You may well have seen sci-fi movies or television shows where the protagonist asks to zoom in on an image and enhance the results – revealing a face, or a number plate, or any other key detail – and Google’s newest artificial intelligence engines, based on what’s known as diffusion models, are able to pull off this very trick.
It’s a difficult process to master, because essentially what’s happening is that picture details are being added that the camera didn’t originally capture, using some super-smart guesswork based on other, similar-looking images.
The technique is called natural image synthesis by Google, and in this particular scenario, image super-resolution. You start off with a small, blocky, pixelated photo, and you end up with something sharp, clear, and natural-looking. It may not match the original exactly, but it’s close enough to look real to a pair of human eyes.
(Google Research)
Google has actually unveiled two new AI tools for the job. The first is called SR3, or Super-Resolution via Repeated Refinement, and it works by adding noise or unpredictability to an image and then reversing the process and taking it away – much as an image editor might try to sharpen up your vacation snaps.
“Diffusion models work by corrupting the training data by progressively adding Gaussian noise, slowly wiping out details in the data until it becomes pure noise, and then training a neural network to reverse this corruption process,” explain research scientist Jonathan Ho and software engineer Chitwan Saharia from Google Research.
Through a series of probability calculations based on a vast database of images and some machine learning magic, SR3 is able to envisage what a full-resolution version of a blocky low-resolution image looks like. You can read more about it in the paper Google has posted on arXiv.
The second tool is CDM, or Cascaded Diffusion Models. Google describes these as “pipelines” through which diffusion models – including SR3 – can be directed for high-quality image resolution upgrades. It takes the enhancement models and makes larger images out of it, and Google has published a paper on this too.

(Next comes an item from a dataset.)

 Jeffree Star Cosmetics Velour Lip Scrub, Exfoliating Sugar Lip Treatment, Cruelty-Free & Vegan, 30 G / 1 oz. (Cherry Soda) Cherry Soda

CDM in action. (Google Research)
By using different enhancement models at different resolutions, the CDM approach is able to beat alternative methods for upsizing images, Google says. The new AI engine was tested on ImageNet, a gigantic database of training images commonly used for visual object recognition research.

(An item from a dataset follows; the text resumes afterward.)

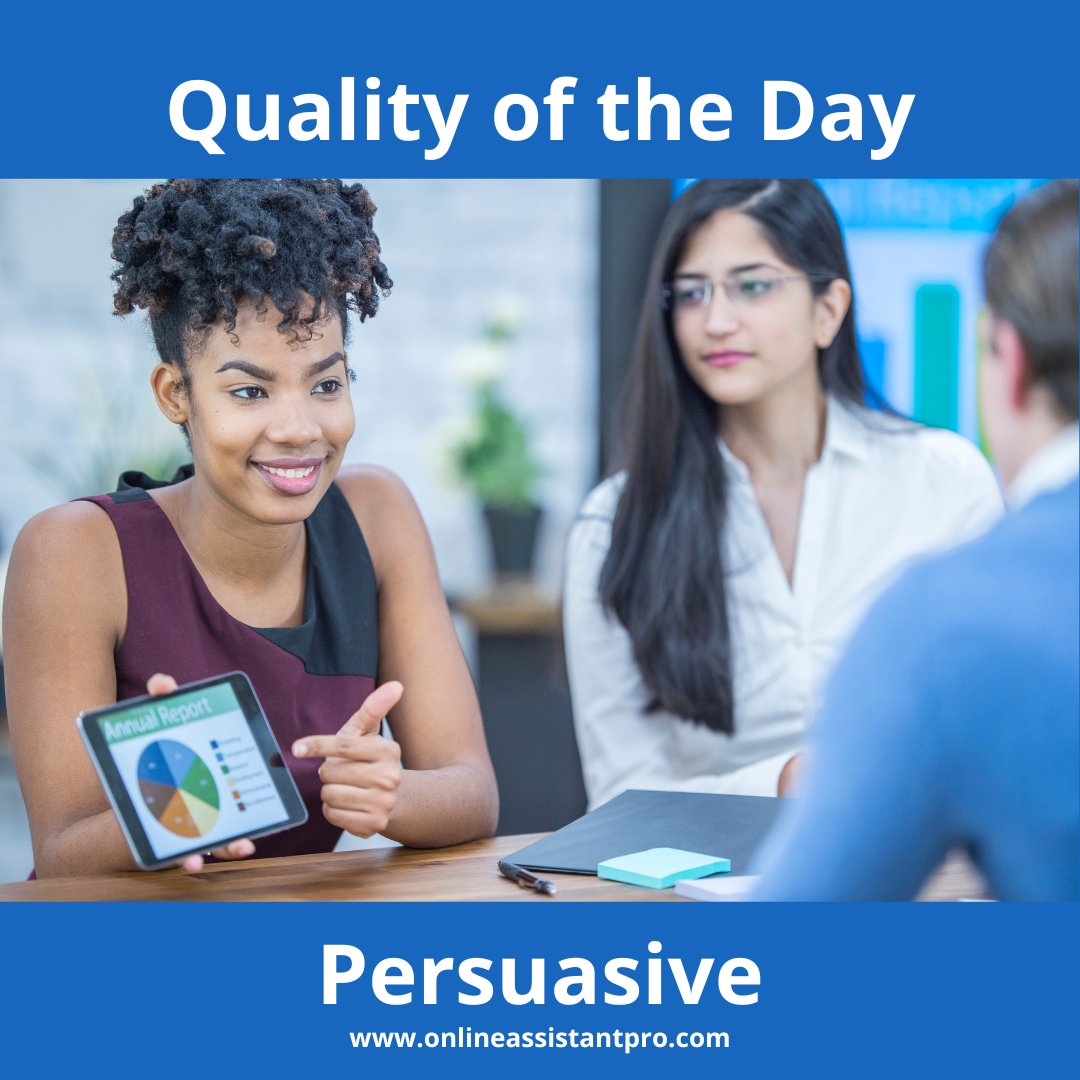 OnlineAPro's tweet photo. To lead a team and gain clients you need to be persuasive. Never stop working on your people skills and you'll see success in your business.

Give us a chance to persuade you to try Virtual Assistance! https://t.co/dMTwf9Kdie

#persuade #entrepreneur #online #business #team https://t.co/YXZ1OApWpg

The end results of SR3 and CDM are impressive. In a standard test with 50 human volunteers, SR3-generated images of human faces were mistaken for real photos around 50 percent of the time – and considering a perfect algorithm would be expected to hit a 50 percent score, that’s impressive.
It’s worth reiterating that these enhanced images aren’t exact matches for the originals, but they’re carefully calculated simulations based on some advanced probability maths.

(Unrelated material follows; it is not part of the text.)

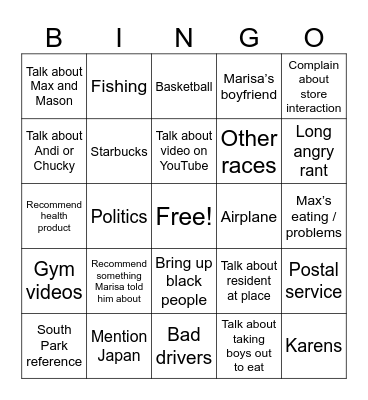 Pop Bingo Card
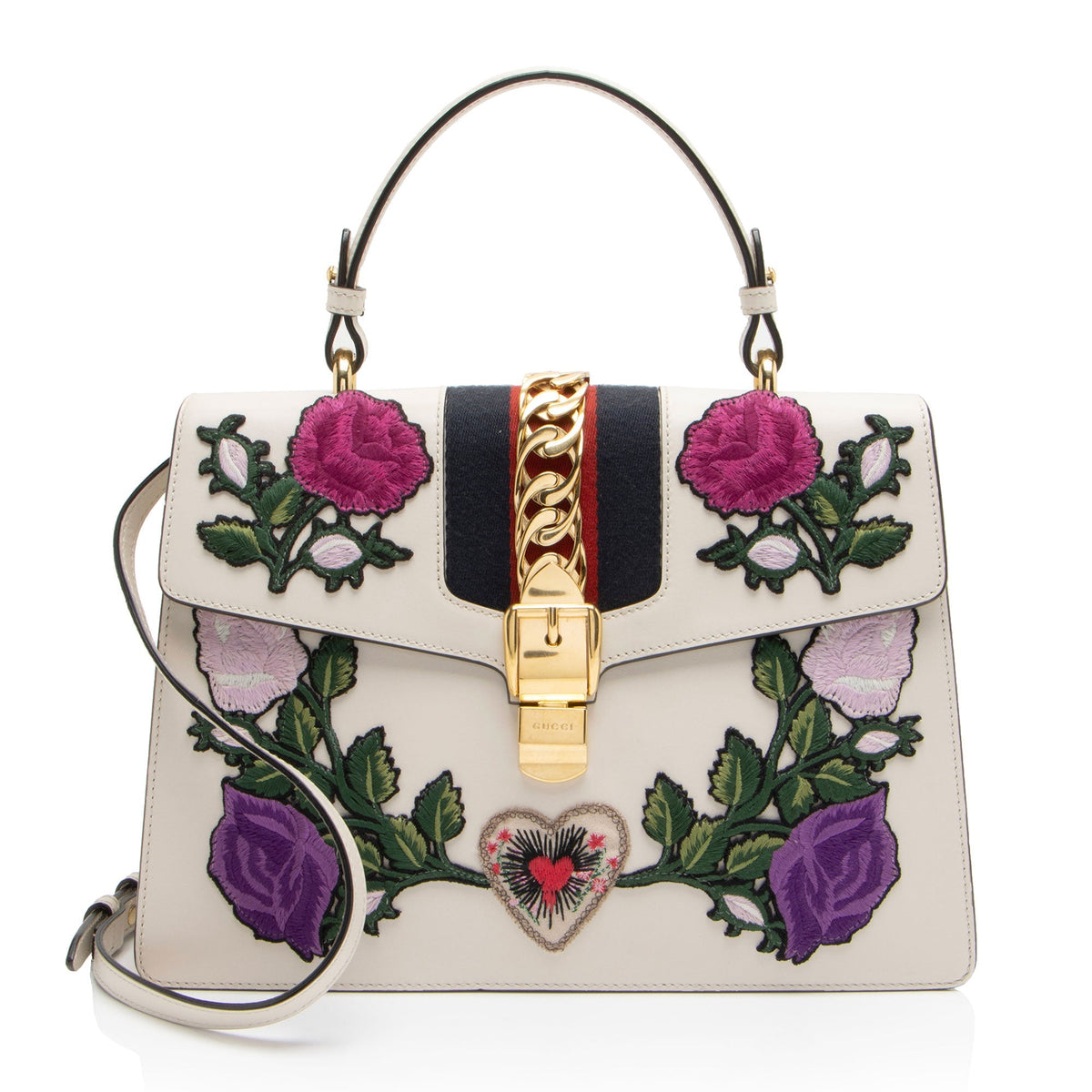 Gucci Embroidered Leather Floral Sylvie Top Handle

Google says the diffusion approach produces better results than alternative options, including generative adversarial networks (GANs) that pit two neural networks against each other to refine results.
(Google Research)
Google is promising much more from its new AI engines and associated technologies – not just in terms of upscaling images of faces and other natural objects, but in other areas of probability modeling as well.
“We are excited to further test the limits of diffusion models for a wide variety of generative modeling problems,” the team explains.